• **TASK PROMPT**:
A word-for-word reproduction of the data below is needed, with no pictures in it.

• **DATASET EXTRACT**:
- - - - - - -

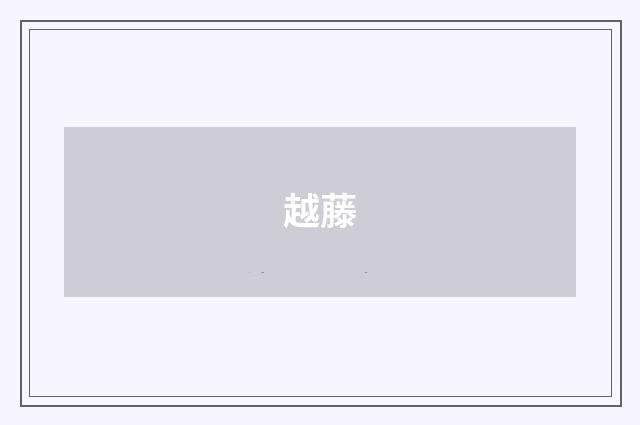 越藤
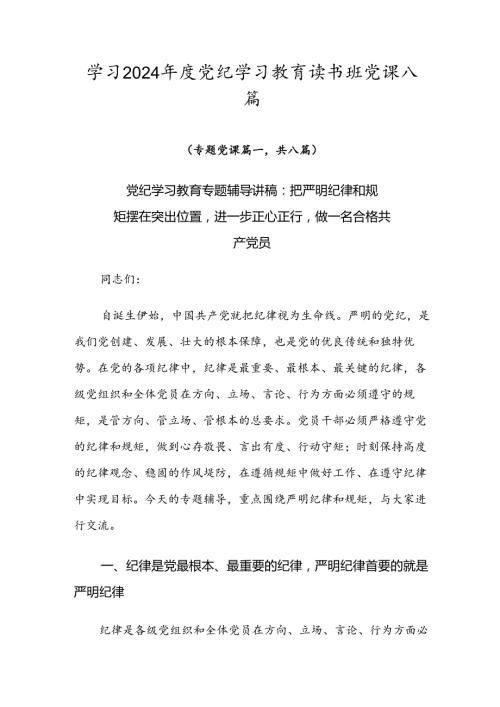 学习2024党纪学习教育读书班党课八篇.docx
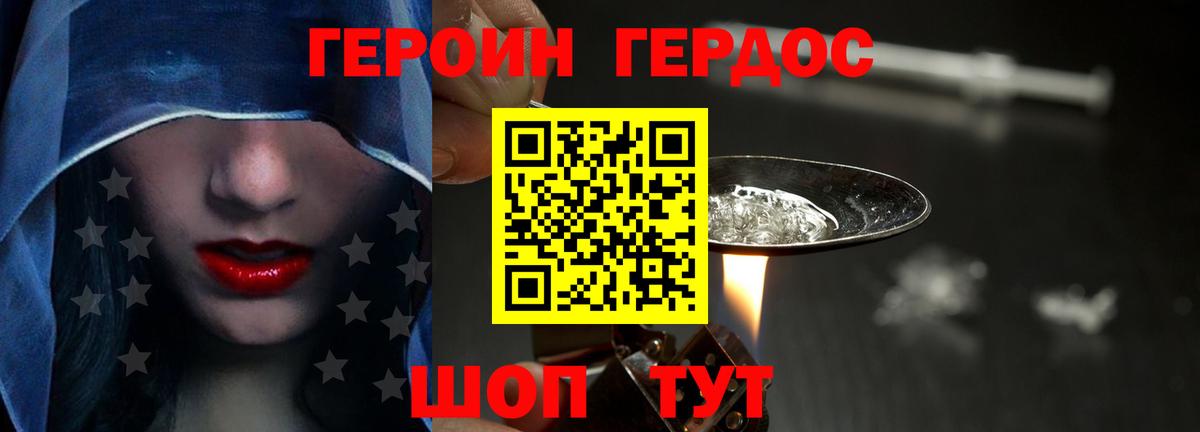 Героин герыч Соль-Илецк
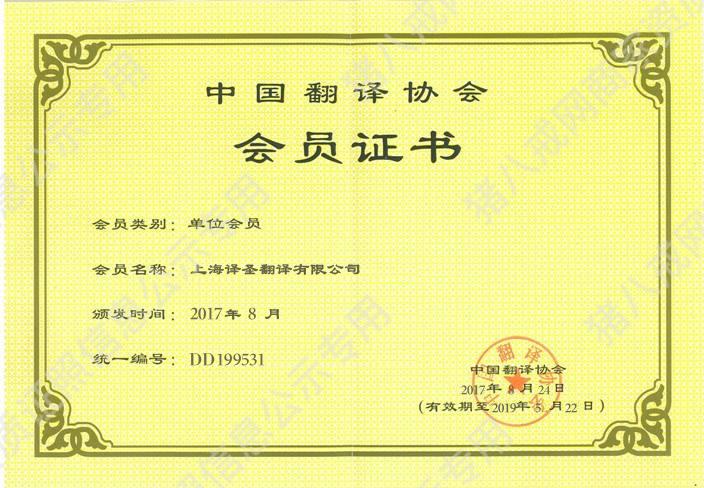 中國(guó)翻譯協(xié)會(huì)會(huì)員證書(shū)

- - - - - - -

• **TASK RESULT**:
 越藤
 学习2024党纪学习教育读书班党课八篇.docx
 Героин герыч Соль-Илецк
 中國(guó)翻譯協(xié)會(huì)會(huì)員證書(shū)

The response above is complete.